The AOR’s role beyond the battlefield has received comparatively little attention. Tehran’s most indispensable proxies act as multifaceted instruments of Iranian statecraft, boasting political, clerical, and media wings. These assets have long enabled AOR factions like Hezbollah and the Houthis to advance Tehran’s objectives while consolidating power and influence domestically. These complex dynamics have prompted many to reach for vivid metaphors to capture the AOR’s true character. In 2018, former Israeli Defense Minister Naftali Bennett likened the AOR to an octopus, stating that “The Iranians don’t love dying, but it is very easy for them to send others to die. While we’re shedding blood fighting their tentacles, the octopus’s head is lounging in its chair enjoying itself.”
This analogy is more apt than perhaps even Bennet realized. Octopus arms have segmented nervous systems, meaning that each tentacle can control both its own movements and even those of other arms without having to consult the brain directly. Similarly, many AOR factions reserve the right to conduct their own political maneuvers, criminal operations, and even attacks without consulting Tehran. This means that in order to preserve their value as proxies, these factions must balance domestic interests with Iran’s regional objectives, which aren’t always aligned.
Nowhere is this balancing act more evident than in Iraq. Iraq is unique in that it hosts a multitude of powerful AOR militias embedded within the PMF, a state-sanctioned parallel security force established in 2014 to institutionalize various Iraqi militias that had emerged to fight ISIS. Economically, Iran rakes in billions each year from AOR-facilitated oil and cash smuggling operations that serve as a critical lifeline against sanctions. Politically, AOR-affiliated parties and their allies dominate Iraq’s governing coalition, the Shia Coordination Framework (CF), allowing them to appoint AOR loyalists to key government positions.
Yet growing tensions between current Iraqi Prime Minister Mohammed Shia al-Sudani and the hardline CF leaders who appointed him threaten to undermine this arrangement, with the former’s policies viewed as increasingly unfavorable to Iran. If AOR factions fail to consolidate their power before Iraq’s November elections, Tehran risks losing what little regional leverage it has left.
Given these stakes, it remains unclear just how much and how openly Iraqi AOR factions are willing to invest in escalation against Iran’s adversaries. However, domestic media narratives can offer unique insights into how they plan to respond to recent regional setbacks and preserve their domestic influence in the coming months.
The use of misinformation by US adversaries is often highlighted in the media, but their weaponization of narratives is equally consequential. In fact, research has found that narratives are often more persuasive than information-based arguments. The capacity of narratives to highlight certain aspects of reality and downplay others makes them a highly effective tool for shaping public perception, legitimizing political agendas, and directing collective attention toward–or away from–specific actors and events.
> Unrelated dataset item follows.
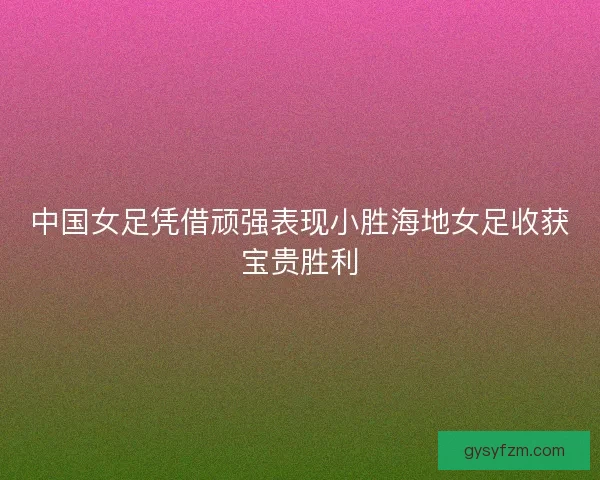中国女足凭借顽强表现小胜海地女足收获宝贵胜利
Like Russia and China, Iran has long used narratives to uphold its regional influence, tailoring them to resonate with local grievances, sectarian identities, and nationalist sentiments across the region. In 2003, Iranian state media launched its first Arabic-language broadcasting service Al Alam to counter the influence of US-backed media in Iraq. In 2017, Al Alam opened a Syrian affiliate, offering exceptionally high salaries to journalism students to promote Iran’s perspective on Syria’s ongoing civil war.
Because such campaigns do not target Western audiences, their appeal can be difficult for outsiders to decipher. Narrative analysis offers a solution by providing a framework for assessing how these campaigns are being deployed to shape public opinion. Narrative analysis is a collection of methods for extracting and interpreting the human “stories” that underpin content to identify underlying messages. These methods can be applied to produce Narrative Intelligence (NARINT), which can be used to detect, analyze, and counter adversarial information operations that threaten US interests.
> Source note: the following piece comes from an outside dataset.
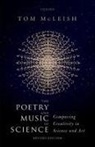 Tom Mcleish, Tom (Professor of Natural Philosophy Mcleish, McLeish Tom - Poetry and Music of Science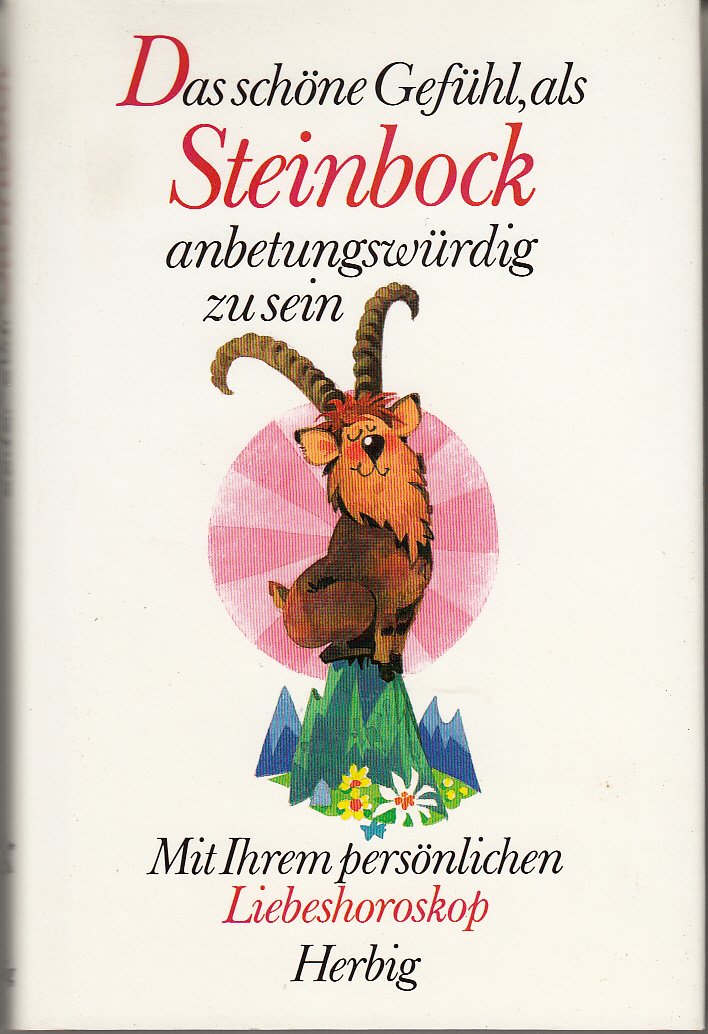 Das schöne Gefühl, als Steinbock anbetungswürdig zu sein: Mit Ihrem persönlichen Liebeshoroskop (Herbigs fröhliche Tierkreiszeichen) Religion & Esotericism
Iraq is a uniquely rich data source for NARINT. Its media landscape is a narrative battlefield, characterized by politically affiliated outlets that often amplify hostile narratives and misinformation for political gain. According to a recent UN report, sectarianism and hate speech are some of the most defining characteristics of Iraqi media. Most major Iraqi AOR factions run their own media wings that both compete for influence domestically and coordinate to promote broader narratives aligned with Iranian interests, allowing for both tailored messaging and synchronized propaganda designed to advance Tehran’s strategic objectives.
Iraqi AOR media demonstrates remarkable narrative flexibility, consistently folding new developments into familiar storylines to justify ongoing policy agendas and discredit opponents. This ability to recontextualize allows the AOR to maintain ideological consistency, exploit moments of crisis, and advance long-term objectives without appearing opportunistic. By ensuring that each new development can be used to reinforce existing narratives, Iraqi AOR media is able to sustain the illusion of control despite major setbacks.
However, not all AOR narratives are designed to persuade. Some are deployed to distract, disorient, or divide through contradictory signaling. This dual messaging can cut either way, oscillating between loud threats that lack follow-through and de-escalatory signals that mask mobilization. Such narratives are crafted to obscure, rather than reflect, strategic intent. This asymmetry between rhetoric and reality creates space for plausible deniability and prevents Iran’s adversaries from effectively predicting its next moves.
NARINT indicates that beyond merely parroting Tehran’s talking points, Iraqi AOR factions strategically deploy narratives designed to legitimize the AOR’s role in governance and security and discredit alternative power centers by exploiting public fears of renewed conflict and instability in Iraq. The remainder of this analysis examines how AOR media has pursued these objectives by accusing both foreign and domestic actors of endangering Iraq’s security.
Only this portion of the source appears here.